According to further features the calculated data is classified in a machine learning process, the machine learning process including an initial stage of receiving a large data set of labeled movement types.
According to further features the server computer is further configured to fuse the received data so as to determine a most likely sequence of hidden states.
According to another embodiment there is provided a method for extracting performance parameters from a footwear sensor unit, the method including: (a) providing the footwear sensor unit on a footwear; (b) receiving, at a processing unit, sensor data from an Inertial Measurement Unit (IMU), the processing unit and IMU being housed in the footwear sensor unit and in electronic communication with one another; and (c) classifying, by the processing unit, a set of the sensor data as event data indicative of a gait event or a foot activity event or a ball touch event.
According to further features the method further comprises (d) communicating the sensor data or the event data to a server computer for extracting performance parameters; and (e) receiving feedback from the server computer, the feedback related to the performance parameters.
According to further features the method the feedback is outputted to a Human Interface Device (HID), and wherein the feedback is selected from the group including: visual feedback, audio feedback, physical feedback and a combination thereof.
According to further features the classifying of the event data indicative of the gait event is performed by employing a gait phase detection algorithm. According to further features the classifying of the event data indicative of the foot activity event or the the ball touch event is performed by employing a foot-based activity and event detection algorithm.
According to further features the performance parameters include one or more of: a Total Touch Count, Leg Use, Touch Type Distribution, ball possession (BP), Individual BP (IBP) total count, individual BP type count, BP time distribution per player and per team, Team BP (TBP) time, Total pass count per player and per team, Successful pass percentage per player and per team, a Passing network, Passes per team possession, a Retrieve count, a Retrieve effort indicative of effort made after team loss of possession, a Possession lost count, an average Retrieve time per player and per team and physical performance parameters.

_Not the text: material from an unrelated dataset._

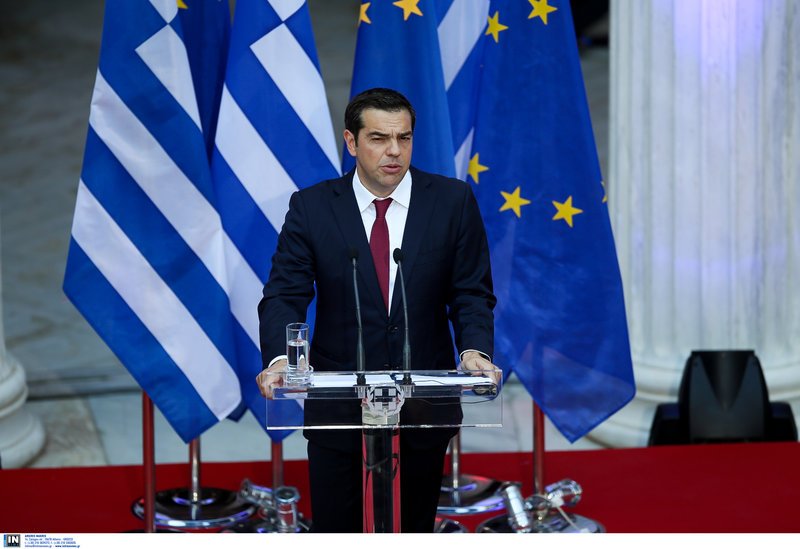 Το Ζάππειο του Τσίπρα: Εβαλε και έβγαλε τη γραβάτα, υποσχέθηκε φοροελαφρύνσεις | iefimerida.gr 4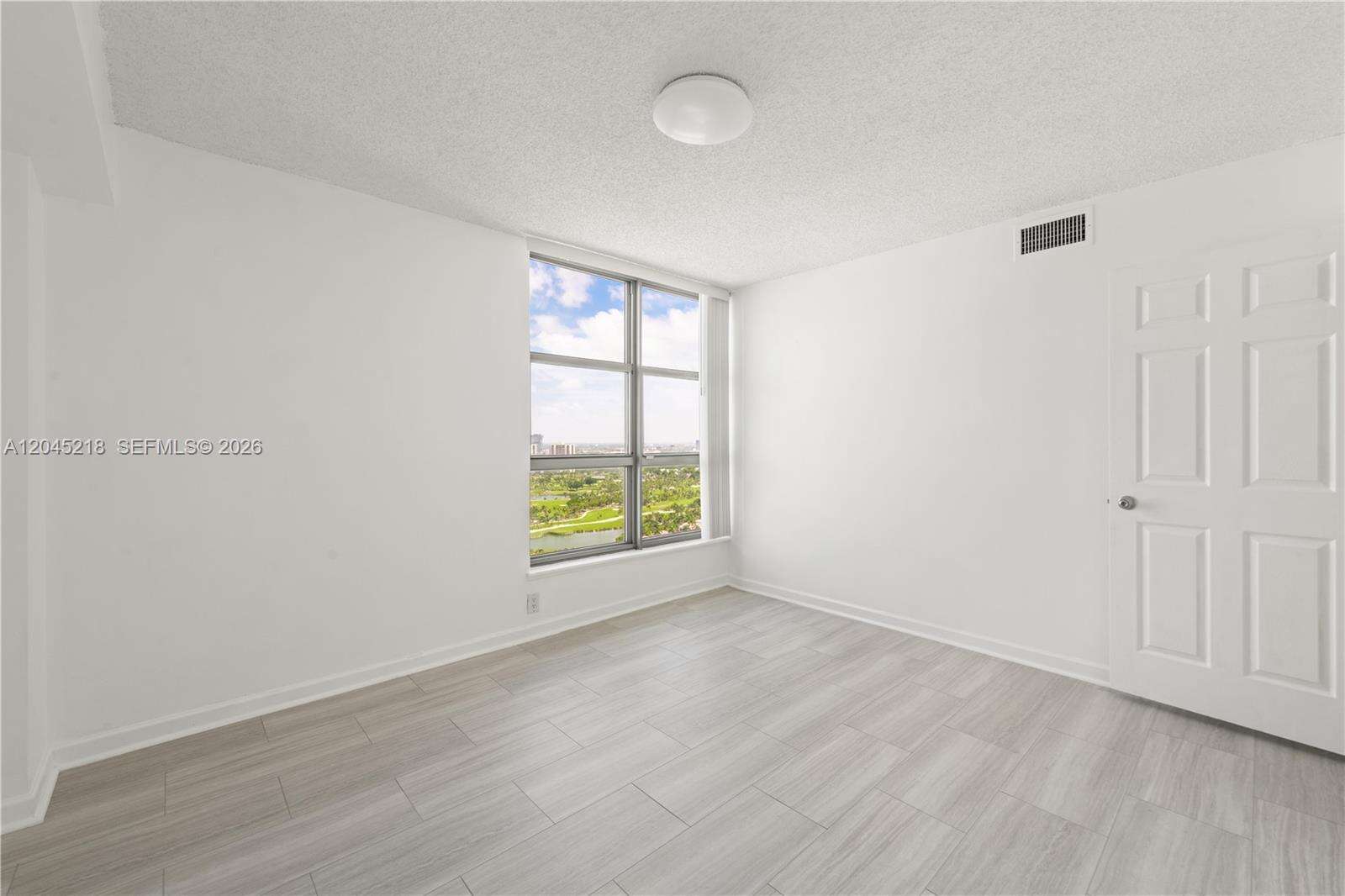 Mystic Pointe Tower 500 at 3530 Mystic Pointe Dr, Aventura, FL 33180 - For Rent photo 9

According to further features the physical performance parameters are selected from the group including: a total distance traversed per player, a distance per drill, a distance per speed zone, a maximum speed, a Work rate, a Sprint count, a Sprint distance, Acceleration and Deceleration count by zones, a total mechanical load per player and a total mechanical load per player.

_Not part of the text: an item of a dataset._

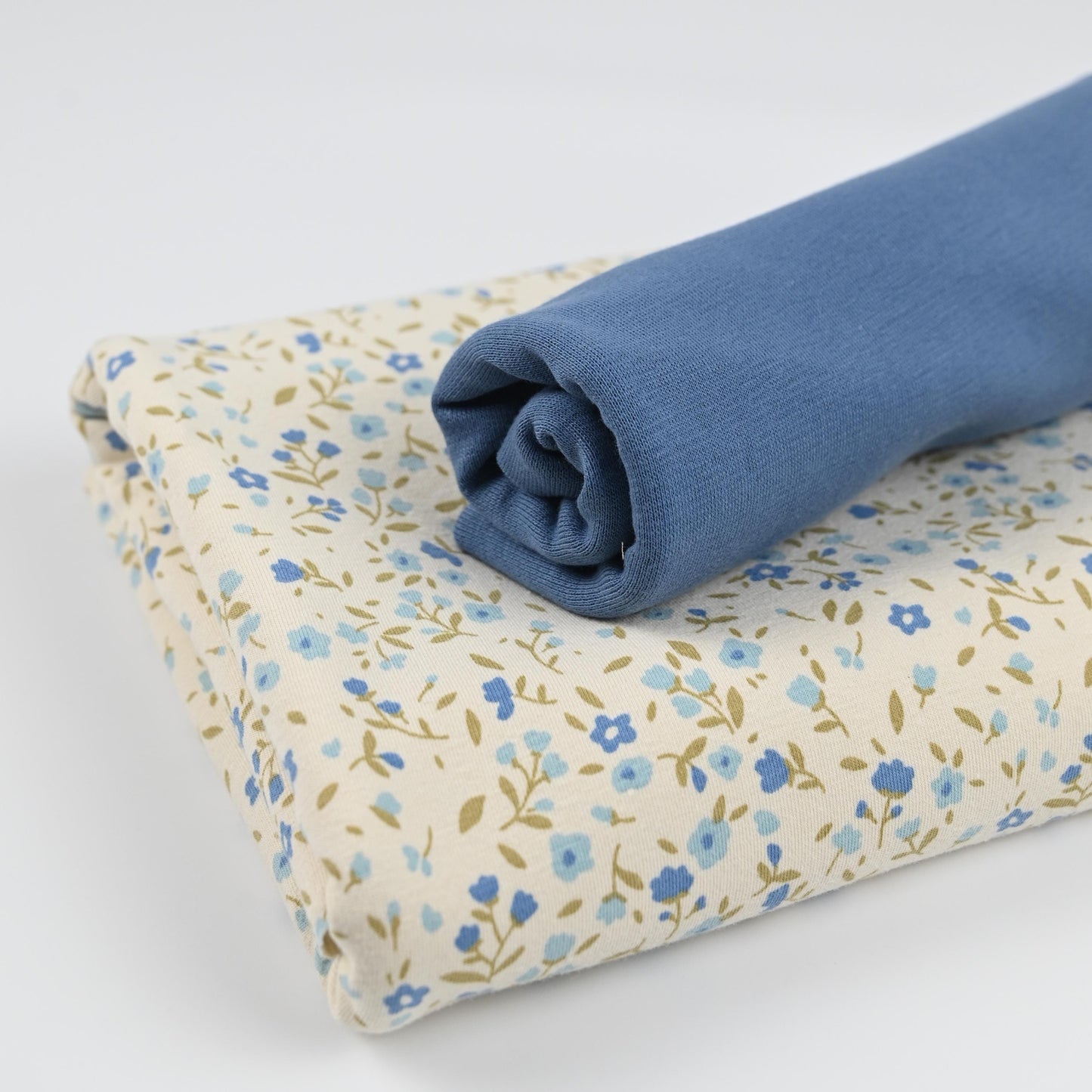 Jersey kleine Blumen blau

According to another embodiment there is provided a method for extracting performance parameters, the method including: (a) providing a plurality of footwear sensor units, each of the plurality of footwear sensor units being provided on a respective footwear; (b) receiving sensor data from Inertial Measurement Units (IMU) of the plurality of footwear sensor units in parallel; (c) evaluating the sensor data to receive gait tracking data and event detection data; and (d) fusing the sensor data, the gait tracking data and the event detection data to determine performance statistics and eliminate false detection events.
According to further features the fusing further provides a most likely sequence of hidden states.
According to another embodiment there is provided a mounting system, the system including: a mounting strap including: a back-strap, an upper strap, an under-strap and a holding pouch; and a housing, the housing being removably insertable into the holding pouch of the mounting strap; wherein the mounting strap is adapted to be fitted to on a footwear.
According to further features the mounting strap is made from a material selected from the group including: a flexible material and an elastic material.
According to further features the back-strap is adapted to fit around a heel of the footwear; the under-strap is adapted to be positioned beneath a sole of the footwear; the upper-strap is adapted to lie over an upper of the footwear near a tongue thereof; and the holding pouch is adapted to be positioned on an outside of the footwear, at a heel thereof. According to further features the housing is adapted to hold a footwear sensor unit.
Various embodiments are herein described, by way of example only, with reference to the accompanying drawings, wherein:
The principles and operation of the smart footwear device and system according to the present invention may be better understood with reference to the drawings and the accompanying description. The terms football and soccer are used interchangeably herein.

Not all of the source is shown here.